[Info-vax] Anyone interested in another public access system

Bob Eager rde42 at spamcop.net
Mon Apr 13 16:40:22 EDT 2009


On Mon, 13 Apr 2009 20:28:42 UTC, "Richard B. Gilbert" 
<rgilbert88 at comcast.net> wrote:

> What would you cite as an example of a "modern" file system?  Most Unix 
> systems won't even commit your file to disk until they get around to it. 
>   One of the nice things about VMS is that what you write to disk is 
> actually committed to disk within a few seconds.  A power failure does 
> not always require repairs to a VMS file system;

I agree with all of the above.

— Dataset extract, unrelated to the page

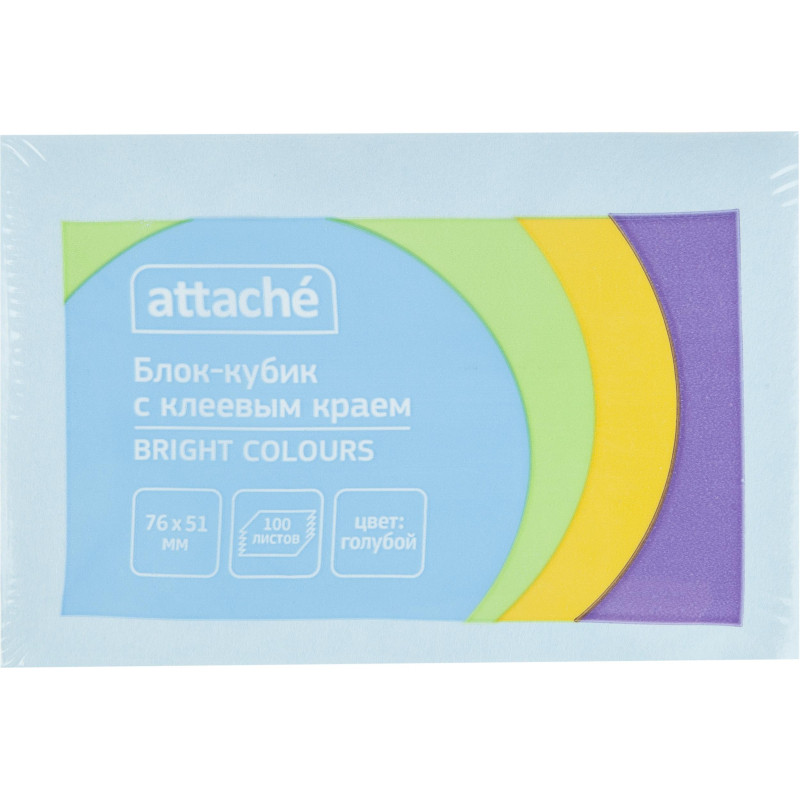 Стикеры ATTACHE Bright colours с клеев.краем 76х51 голубой 100л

But it does certainly affect performance.
I am willing to accept the lower performance in exchange for 
reliability.

> something that can't be 
> said for Unix.  Unix provides no means to create a contiguous file; just 
> splatter it all over the disk!.  Even <obligatory retching noises> 
> Windows has a utility to make your files and free space contiguous. 
> Unix just doesn't care.

Why does every thread have to turn into a UNIX hate-fest? It's another 
case of "system A has this and system B doesn't", which is meaningless 
because system B has stuff that system A doesn't have.

As it happens, many Unix file systems try to localise the blocks in the 
file as much as possible, so arguably defragmentation and specific 
contiguity requests are much less of an issue.